# **15 Native code generation**

- Characteristics of real machines
- Register allocation
- Intermediate representation
- Code selection



- Code selection is difficult because:
  - CISC machines have very complicated instructions, with multiple addressing modes.
  - even RISC machines have some fairly complicated instructions.
- Register allocation is an issue:
  - Registers should be used as much as possible.
  - RISC machines typically have only general-purpose registers.
  - CISC machines typically have a variety of specialpurpose registers (e.g., int registers, float registers, address registers).



- Aim to use registers as much as possible for local variables and intermediate results of expressions.
- Problem: The number of registers is limited
  - especially when some are dedicated (e.g., **fp**, **sp**).
- Opportunity: Different variables can be allocated to the same register if they are live at different times.
- Here, a variable is deemed to be live only if it might be inspected later.

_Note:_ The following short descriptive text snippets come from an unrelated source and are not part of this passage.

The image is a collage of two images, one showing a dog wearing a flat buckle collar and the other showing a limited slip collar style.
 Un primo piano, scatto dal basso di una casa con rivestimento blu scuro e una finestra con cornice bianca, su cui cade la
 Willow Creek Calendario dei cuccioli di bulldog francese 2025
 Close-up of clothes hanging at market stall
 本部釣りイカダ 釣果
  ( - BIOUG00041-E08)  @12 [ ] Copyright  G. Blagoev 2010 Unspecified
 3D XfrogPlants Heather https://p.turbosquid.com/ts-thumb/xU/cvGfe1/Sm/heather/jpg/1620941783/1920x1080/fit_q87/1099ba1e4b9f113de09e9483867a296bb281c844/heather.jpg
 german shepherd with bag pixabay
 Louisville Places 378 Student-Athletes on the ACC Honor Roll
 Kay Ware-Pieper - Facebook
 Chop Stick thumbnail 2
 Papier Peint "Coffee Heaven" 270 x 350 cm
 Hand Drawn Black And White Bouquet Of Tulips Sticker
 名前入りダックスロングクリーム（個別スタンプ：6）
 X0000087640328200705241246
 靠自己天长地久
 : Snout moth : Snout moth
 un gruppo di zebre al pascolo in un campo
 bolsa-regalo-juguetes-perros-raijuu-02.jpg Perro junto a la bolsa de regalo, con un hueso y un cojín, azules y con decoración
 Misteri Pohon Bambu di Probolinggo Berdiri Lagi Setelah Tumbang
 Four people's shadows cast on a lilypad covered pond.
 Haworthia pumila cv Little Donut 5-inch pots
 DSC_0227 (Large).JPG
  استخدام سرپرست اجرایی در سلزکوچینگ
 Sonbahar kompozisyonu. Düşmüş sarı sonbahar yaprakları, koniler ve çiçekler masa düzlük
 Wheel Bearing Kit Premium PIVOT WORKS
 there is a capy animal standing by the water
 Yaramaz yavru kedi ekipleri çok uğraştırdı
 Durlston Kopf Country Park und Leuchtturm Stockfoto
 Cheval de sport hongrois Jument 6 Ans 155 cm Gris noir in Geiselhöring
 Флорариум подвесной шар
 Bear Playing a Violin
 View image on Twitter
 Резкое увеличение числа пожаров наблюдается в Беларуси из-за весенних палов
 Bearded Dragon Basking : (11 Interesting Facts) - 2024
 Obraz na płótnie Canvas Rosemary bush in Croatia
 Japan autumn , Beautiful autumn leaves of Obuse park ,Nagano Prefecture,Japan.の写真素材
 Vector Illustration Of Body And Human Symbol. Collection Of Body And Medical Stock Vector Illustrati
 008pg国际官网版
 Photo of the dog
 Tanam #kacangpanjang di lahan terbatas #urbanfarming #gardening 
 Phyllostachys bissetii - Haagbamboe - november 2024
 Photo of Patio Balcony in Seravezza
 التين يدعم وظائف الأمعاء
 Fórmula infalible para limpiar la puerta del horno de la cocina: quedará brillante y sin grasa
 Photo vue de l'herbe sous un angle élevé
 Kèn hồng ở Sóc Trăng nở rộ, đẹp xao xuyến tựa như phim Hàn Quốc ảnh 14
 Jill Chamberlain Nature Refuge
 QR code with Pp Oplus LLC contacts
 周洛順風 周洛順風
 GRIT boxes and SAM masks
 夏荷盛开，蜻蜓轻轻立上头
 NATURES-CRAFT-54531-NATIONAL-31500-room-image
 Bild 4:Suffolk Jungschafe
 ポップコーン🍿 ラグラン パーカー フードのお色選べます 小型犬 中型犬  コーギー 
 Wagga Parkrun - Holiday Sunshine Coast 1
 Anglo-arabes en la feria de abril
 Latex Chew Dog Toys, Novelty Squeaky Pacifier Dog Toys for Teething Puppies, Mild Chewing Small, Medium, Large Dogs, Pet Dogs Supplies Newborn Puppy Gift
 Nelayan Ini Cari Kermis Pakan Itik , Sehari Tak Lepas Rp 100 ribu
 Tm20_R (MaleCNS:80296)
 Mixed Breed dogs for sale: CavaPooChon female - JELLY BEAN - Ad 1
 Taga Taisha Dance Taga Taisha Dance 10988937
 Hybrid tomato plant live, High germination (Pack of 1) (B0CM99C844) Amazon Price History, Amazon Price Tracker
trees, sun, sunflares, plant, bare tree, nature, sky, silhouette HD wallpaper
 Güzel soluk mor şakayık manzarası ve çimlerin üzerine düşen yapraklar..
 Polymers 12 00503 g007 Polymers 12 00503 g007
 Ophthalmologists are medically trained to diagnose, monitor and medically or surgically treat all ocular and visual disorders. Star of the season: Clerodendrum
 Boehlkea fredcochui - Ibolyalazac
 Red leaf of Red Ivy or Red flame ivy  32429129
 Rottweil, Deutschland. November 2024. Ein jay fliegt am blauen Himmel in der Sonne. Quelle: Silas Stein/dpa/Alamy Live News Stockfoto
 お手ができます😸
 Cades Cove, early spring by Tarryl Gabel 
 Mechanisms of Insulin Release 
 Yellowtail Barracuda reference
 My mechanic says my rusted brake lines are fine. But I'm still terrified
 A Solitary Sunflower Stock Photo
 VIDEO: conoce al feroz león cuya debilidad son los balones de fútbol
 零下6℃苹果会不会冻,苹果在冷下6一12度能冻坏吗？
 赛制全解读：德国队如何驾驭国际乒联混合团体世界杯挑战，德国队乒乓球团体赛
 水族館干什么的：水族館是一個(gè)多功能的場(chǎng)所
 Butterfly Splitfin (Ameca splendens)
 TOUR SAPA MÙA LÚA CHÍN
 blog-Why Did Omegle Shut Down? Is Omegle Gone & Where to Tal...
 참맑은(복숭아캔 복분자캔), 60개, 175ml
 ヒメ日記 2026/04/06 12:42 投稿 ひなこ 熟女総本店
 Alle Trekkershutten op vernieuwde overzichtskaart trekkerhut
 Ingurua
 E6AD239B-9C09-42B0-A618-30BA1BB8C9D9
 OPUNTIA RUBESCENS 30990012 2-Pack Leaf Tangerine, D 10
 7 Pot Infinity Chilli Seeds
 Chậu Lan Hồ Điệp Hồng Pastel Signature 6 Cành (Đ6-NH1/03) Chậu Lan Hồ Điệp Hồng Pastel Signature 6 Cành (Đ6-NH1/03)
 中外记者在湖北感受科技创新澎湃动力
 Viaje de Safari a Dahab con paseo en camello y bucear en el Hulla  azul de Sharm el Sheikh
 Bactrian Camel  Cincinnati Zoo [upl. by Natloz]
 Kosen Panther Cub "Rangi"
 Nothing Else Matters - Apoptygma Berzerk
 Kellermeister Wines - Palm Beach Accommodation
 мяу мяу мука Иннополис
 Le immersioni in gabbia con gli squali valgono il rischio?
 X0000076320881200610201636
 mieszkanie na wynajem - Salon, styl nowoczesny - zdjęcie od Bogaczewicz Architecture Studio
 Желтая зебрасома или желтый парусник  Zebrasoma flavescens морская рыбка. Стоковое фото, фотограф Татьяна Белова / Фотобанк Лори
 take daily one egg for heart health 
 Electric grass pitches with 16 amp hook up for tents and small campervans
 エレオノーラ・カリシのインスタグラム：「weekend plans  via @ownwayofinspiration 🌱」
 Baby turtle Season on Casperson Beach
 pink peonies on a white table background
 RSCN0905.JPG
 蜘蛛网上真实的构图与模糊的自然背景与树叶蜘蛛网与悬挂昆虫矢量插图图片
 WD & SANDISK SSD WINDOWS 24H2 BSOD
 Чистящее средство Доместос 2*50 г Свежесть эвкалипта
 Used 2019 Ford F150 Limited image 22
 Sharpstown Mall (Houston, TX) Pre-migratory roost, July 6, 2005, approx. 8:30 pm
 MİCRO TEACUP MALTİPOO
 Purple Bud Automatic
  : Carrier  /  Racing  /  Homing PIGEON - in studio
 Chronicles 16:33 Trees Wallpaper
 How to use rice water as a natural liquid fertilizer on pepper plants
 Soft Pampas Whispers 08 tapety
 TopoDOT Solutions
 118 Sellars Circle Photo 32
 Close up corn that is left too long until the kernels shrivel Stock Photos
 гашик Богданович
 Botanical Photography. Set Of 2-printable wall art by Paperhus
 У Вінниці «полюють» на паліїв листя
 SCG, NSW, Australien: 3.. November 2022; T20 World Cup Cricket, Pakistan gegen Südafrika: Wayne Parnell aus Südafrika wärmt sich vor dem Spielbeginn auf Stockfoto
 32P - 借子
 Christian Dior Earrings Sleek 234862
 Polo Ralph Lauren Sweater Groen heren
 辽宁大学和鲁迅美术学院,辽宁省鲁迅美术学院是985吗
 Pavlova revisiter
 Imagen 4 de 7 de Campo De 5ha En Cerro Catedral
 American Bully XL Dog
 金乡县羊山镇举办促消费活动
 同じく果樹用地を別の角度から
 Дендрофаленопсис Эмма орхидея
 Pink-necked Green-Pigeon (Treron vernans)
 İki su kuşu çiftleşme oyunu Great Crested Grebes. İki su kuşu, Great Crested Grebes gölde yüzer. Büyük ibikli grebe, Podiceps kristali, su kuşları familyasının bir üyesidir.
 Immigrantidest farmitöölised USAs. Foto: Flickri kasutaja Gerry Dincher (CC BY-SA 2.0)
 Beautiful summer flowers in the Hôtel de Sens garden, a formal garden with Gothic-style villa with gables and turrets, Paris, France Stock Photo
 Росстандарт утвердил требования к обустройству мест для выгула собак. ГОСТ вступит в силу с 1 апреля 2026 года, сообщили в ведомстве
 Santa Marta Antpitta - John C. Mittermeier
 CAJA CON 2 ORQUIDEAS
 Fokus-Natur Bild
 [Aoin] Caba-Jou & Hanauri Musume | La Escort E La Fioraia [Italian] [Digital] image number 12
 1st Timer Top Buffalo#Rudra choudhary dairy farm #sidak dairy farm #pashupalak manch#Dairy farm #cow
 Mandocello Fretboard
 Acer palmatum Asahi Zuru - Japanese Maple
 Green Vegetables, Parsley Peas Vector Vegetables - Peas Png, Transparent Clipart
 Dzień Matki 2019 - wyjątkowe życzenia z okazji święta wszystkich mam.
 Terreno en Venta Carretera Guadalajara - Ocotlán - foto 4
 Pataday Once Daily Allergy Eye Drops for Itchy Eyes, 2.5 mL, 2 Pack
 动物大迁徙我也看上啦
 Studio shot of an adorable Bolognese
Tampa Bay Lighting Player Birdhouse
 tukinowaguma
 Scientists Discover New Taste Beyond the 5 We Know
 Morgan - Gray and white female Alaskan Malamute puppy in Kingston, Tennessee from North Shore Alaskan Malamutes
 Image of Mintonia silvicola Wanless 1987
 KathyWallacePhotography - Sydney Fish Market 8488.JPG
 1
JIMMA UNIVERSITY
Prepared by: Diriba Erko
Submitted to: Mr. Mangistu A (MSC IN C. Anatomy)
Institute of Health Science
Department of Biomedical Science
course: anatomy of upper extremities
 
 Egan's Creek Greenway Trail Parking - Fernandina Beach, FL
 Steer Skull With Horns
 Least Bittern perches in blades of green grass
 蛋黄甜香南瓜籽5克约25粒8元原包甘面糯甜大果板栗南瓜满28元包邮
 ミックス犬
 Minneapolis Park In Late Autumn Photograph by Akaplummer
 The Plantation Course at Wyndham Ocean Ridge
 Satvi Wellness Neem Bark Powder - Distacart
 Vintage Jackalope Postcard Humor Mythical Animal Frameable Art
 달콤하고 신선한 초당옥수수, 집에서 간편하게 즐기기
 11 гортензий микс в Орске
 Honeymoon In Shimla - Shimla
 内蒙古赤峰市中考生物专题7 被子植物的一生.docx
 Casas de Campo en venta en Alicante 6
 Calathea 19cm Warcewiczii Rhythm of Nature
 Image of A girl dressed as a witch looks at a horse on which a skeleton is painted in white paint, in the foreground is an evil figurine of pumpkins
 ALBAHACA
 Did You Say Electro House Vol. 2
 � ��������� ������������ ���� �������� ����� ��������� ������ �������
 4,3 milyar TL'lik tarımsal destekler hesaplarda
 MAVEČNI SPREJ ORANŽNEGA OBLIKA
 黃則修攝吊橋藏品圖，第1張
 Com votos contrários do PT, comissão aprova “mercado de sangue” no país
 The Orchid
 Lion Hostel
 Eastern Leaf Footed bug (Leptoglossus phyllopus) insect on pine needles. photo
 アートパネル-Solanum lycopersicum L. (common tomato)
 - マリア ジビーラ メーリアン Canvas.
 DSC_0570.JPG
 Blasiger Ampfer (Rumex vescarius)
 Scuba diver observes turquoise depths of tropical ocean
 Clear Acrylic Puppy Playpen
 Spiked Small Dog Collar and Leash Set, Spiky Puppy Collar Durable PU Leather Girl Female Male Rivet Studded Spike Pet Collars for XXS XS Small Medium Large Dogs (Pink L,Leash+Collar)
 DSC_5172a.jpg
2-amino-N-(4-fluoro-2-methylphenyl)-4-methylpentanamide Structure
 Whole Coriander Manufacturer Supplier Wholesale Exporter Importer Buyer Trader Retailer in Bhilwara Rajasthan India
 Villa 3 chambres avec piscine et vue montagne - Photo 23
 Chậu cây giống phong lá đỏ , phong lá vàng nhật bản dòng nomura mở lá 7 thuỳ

- A basic-block (BB) is a straight-line sequence of instructions:
  - no jumps except at the end of a BB
  - no jumps to anywhere except the start of a BB.
- Within a BB, break up complicated expressions using temporary variables, such that each assignment instruction contains at most one operator. E.g.:

$$a = (b+c) * (d-e); \longrightarrow \begin{cases} t1 \leftarrow b + c \\ t2 \leftarrow d - e \\ a \leftarrow t1 \times t2 \end{cases}$$

Note: Basic-blocks are unrelated to block structure.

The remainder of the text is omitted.